*Exercise directions*. Do not repeat pictures. Repeat exactly the lines of the listing below from its first line through the line with "ログイン後のヘッダー画像".

*Input data*.

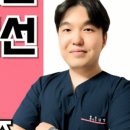 대안한의원 이미지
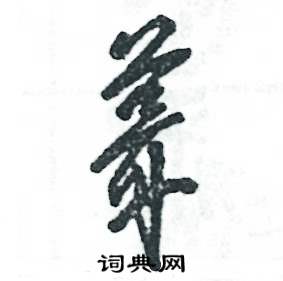 葺怎么写好看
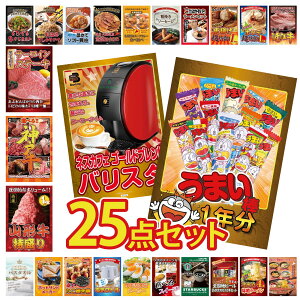 ii pl ژ^ 25_Zbg ܂_ 1N lXJtF oX^ R` 1kg Iׂ  _ˋ Y T[CXe[L rS  񎟉 I ЃCxg StRy YN 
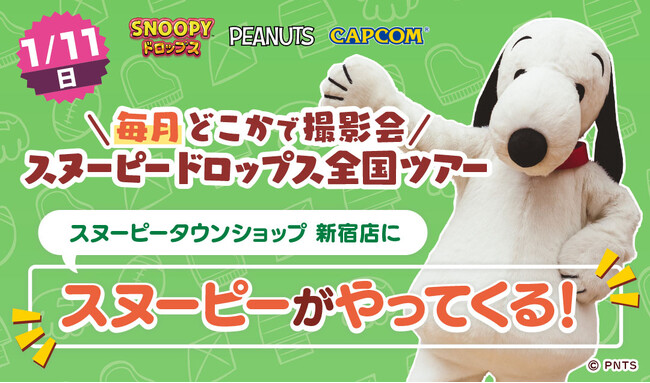 『スヌーピードロップス』＜毎月＞スヌーピーに会える”グリーティングイベント” 1月は新宿で開催！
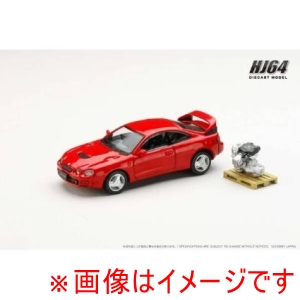 ホビージャパン ホビージャパン HJ641064AR HJ64 1/64 Toyota セリカ GT-FOUR WRC EDITION ST205 スーパーレッドIV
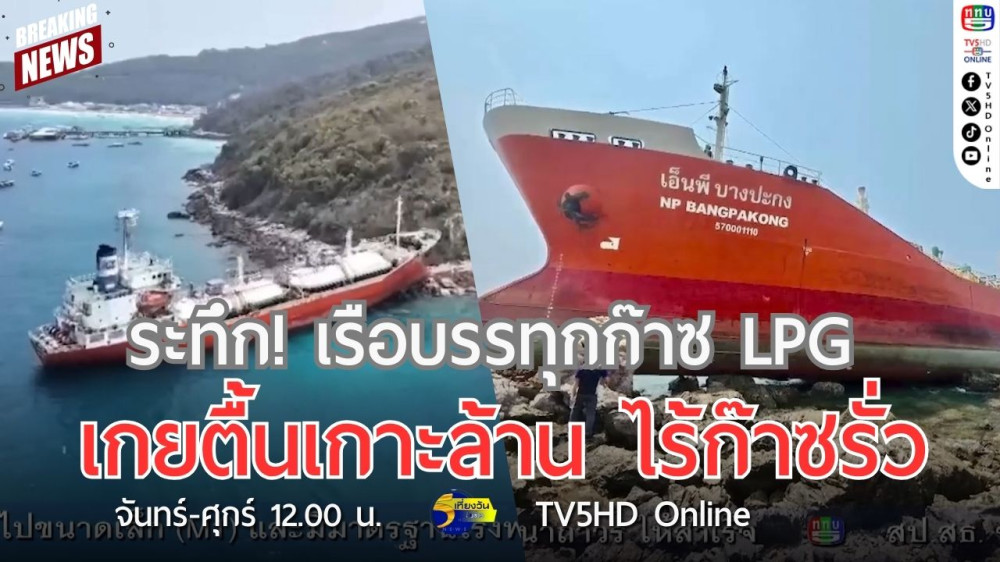 ระทึก! เรือบรรทุกก๊าซ LPG เกยตื้นเกาะล้าน ไร้ก๊าซรั่ว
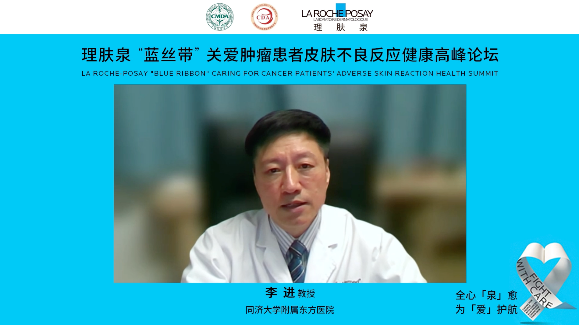 CSCO基金会理事长 李进教授
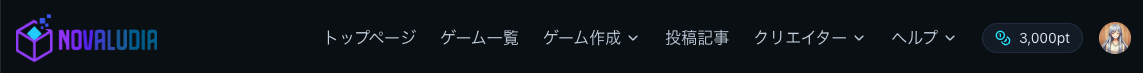 ログイン後のヘッダー画像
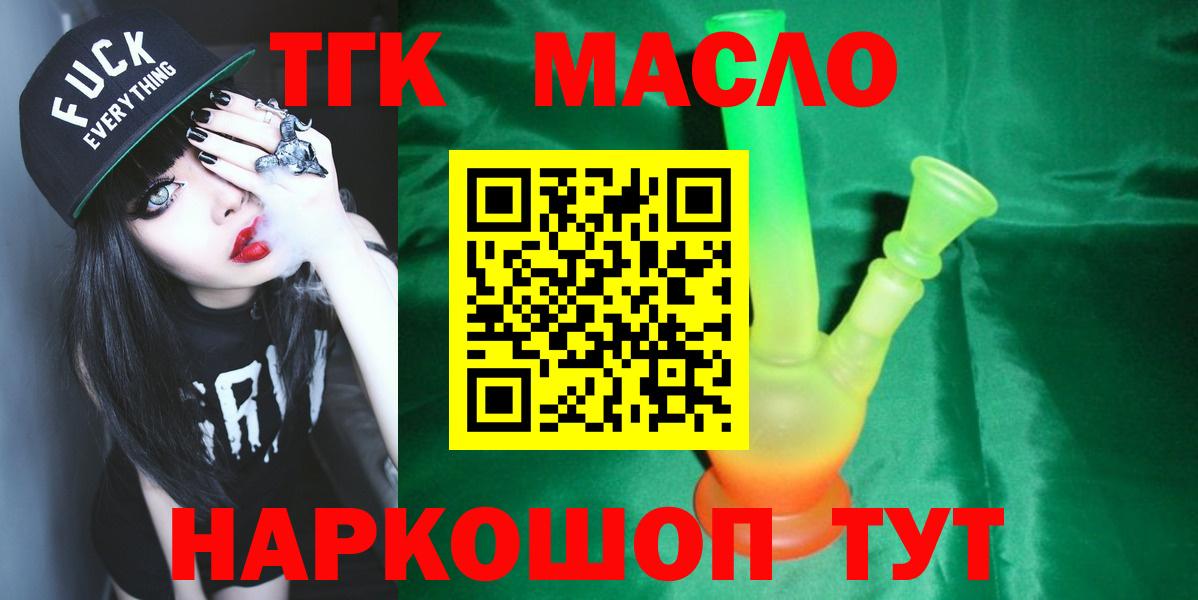 KRAKEN как зайти  ТГК Wax  Вход с VPN  Дистиллят ТГК гашишное масло  Новочеркасск 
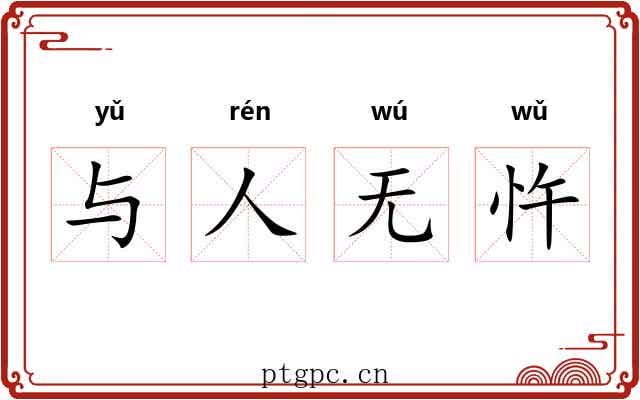 与人无忤 与人无忤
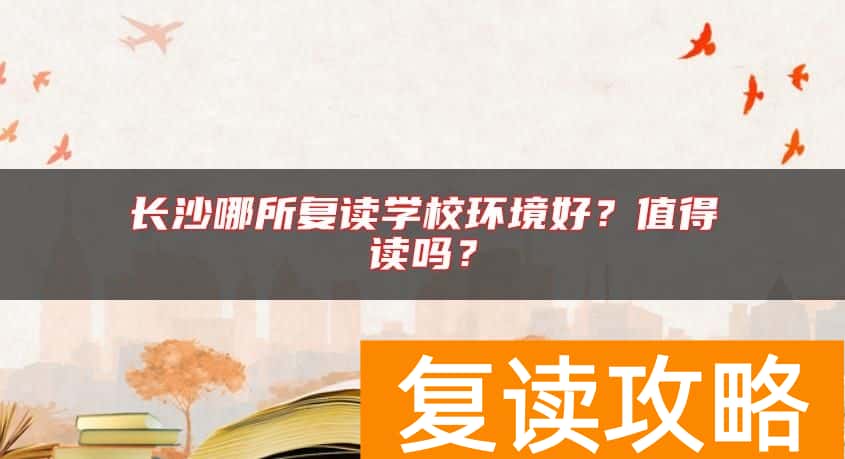 长沙哪所复读学校环境好？值得读吗？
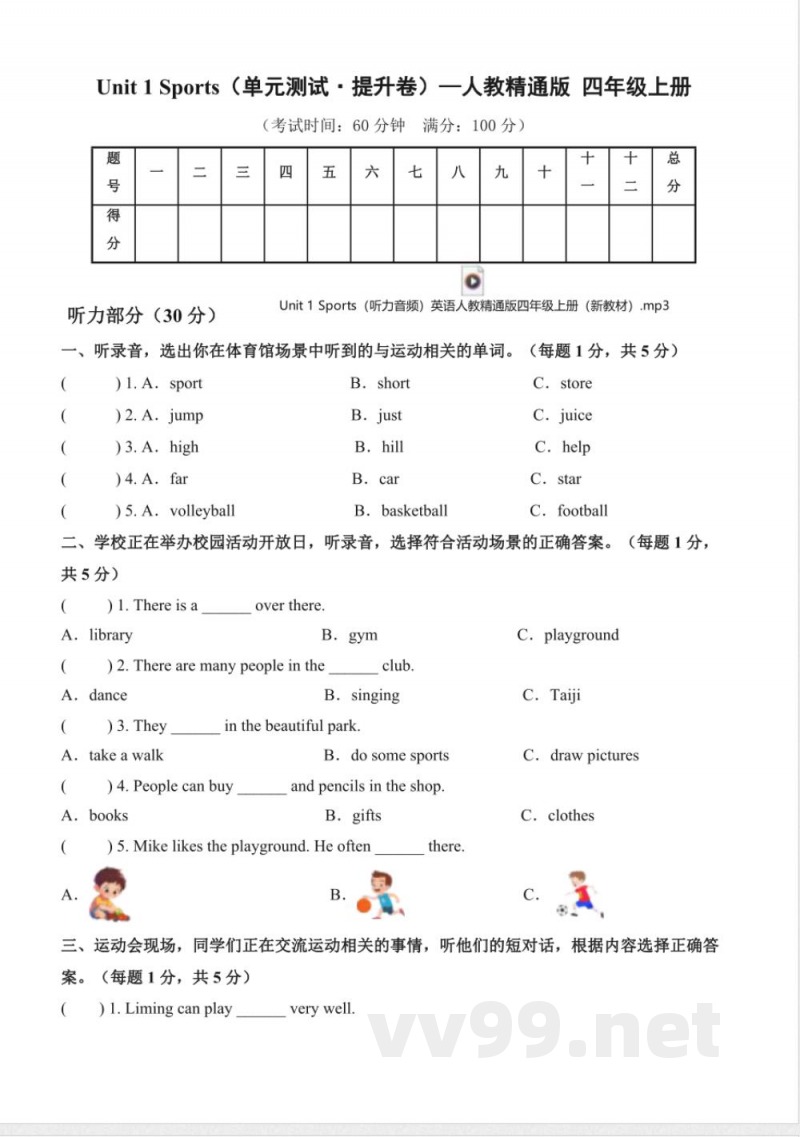 Unit 1 Sports（单元测试提升卷）英语人教精通版四年级上册2025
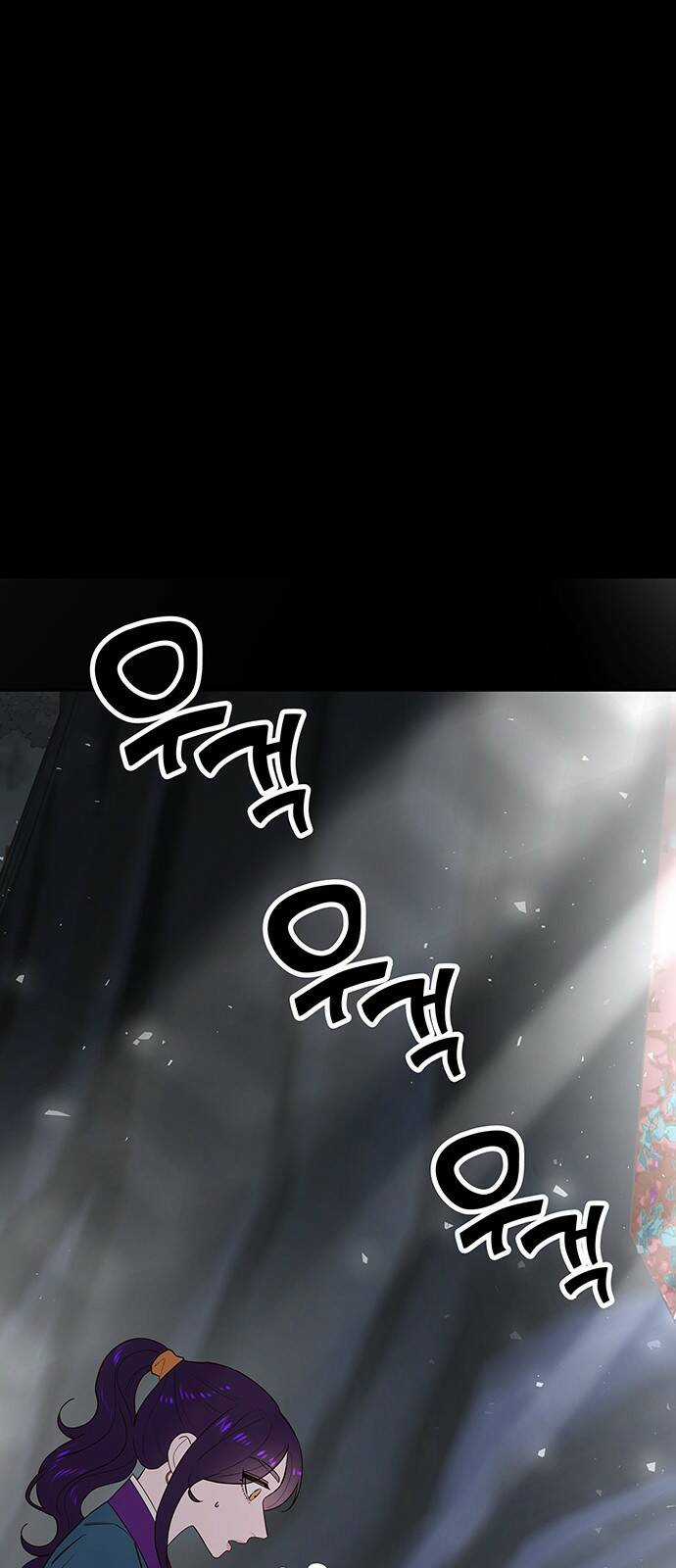 Thái Tử Myolyeong Chapter 59.1 trang 19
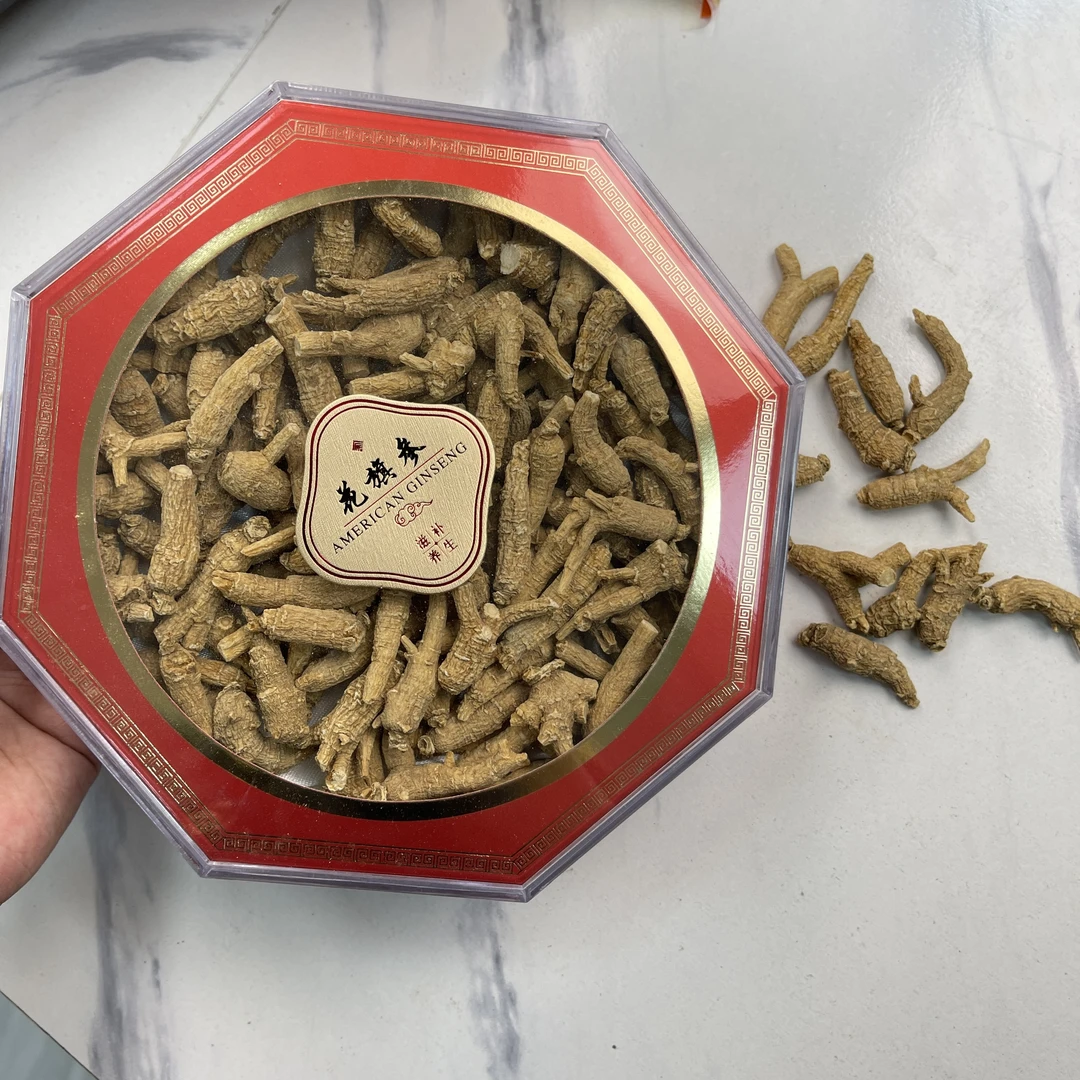 西洋参礼盒200g原颗原粒正宗花旗参滋补煲汤泡水泡茶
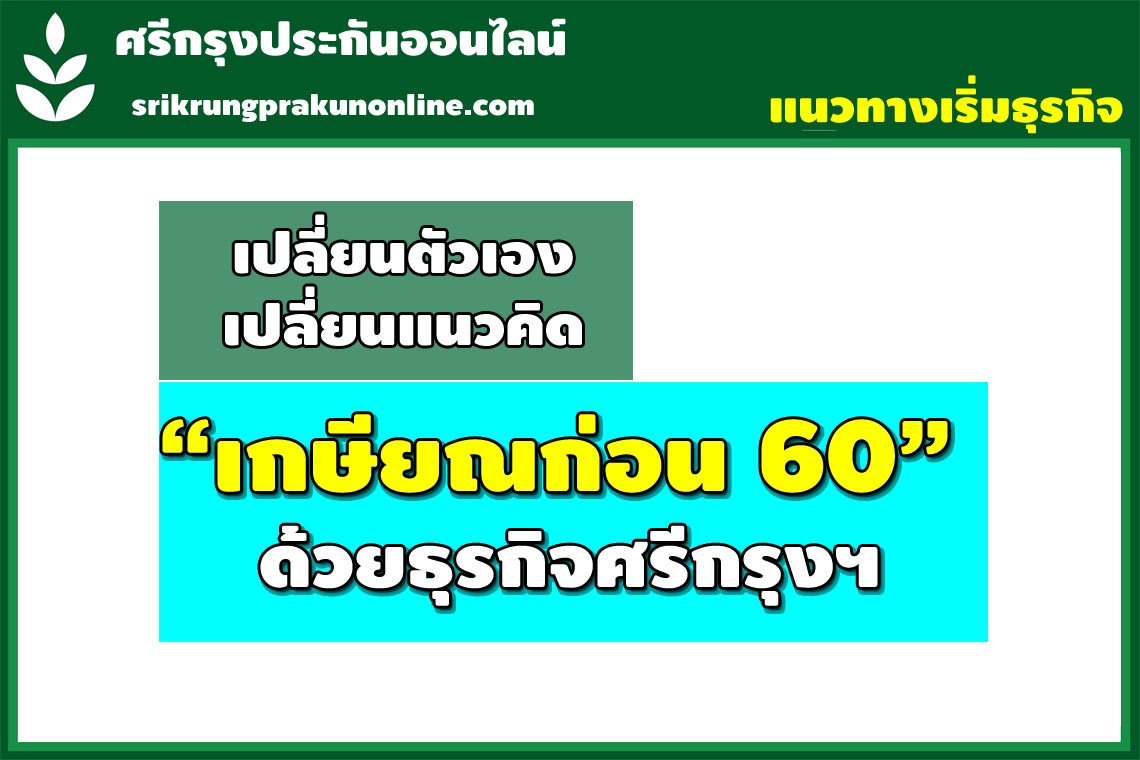 ทำศรีกรุง เกษียณแล้วก่อน 60 ทำศรีกรุง เกษียณแล้วก่อน 60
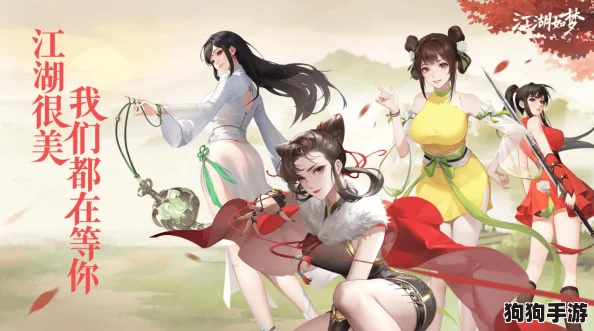 《江湖如梦》启程攻略：精选新手开荒梦幻阵容，笑傲武林不是梦！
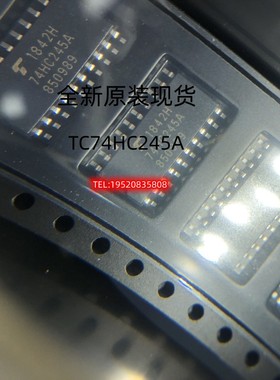 TC74HC240AF 74HC240A/241A/244A/245A/273A 贴片SOP20 全新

*Solution*.
 대안한의원 이미지
 葺怎么写好看
 ii pl ژ^ 25_Zbg ܂_ 1N lXJtF oX^ R` 1kg Iׂ  _ˋ Y T[CXe[L rS  񎟉 I ЃCxg StRy YN 
 『スヌーピードロップス』＜毎月＞スヌーピーに会える”グリーティングイベント” 1月は新宿で開催！
 ホビージャパン ホビージャパン HJ641064AR HJ64 1/64 Toyota セリカ GT-FOUR WRC EDITION ST205 スーパーレッドIV
 ระทึก! เรือบรรทุกก๊าซ LPG เกยตื้นเกาะล้าน ไร้ก๊าซรั่ว
 CSCO基金会理事长 李进教授
 ログイン後のヘッダー画像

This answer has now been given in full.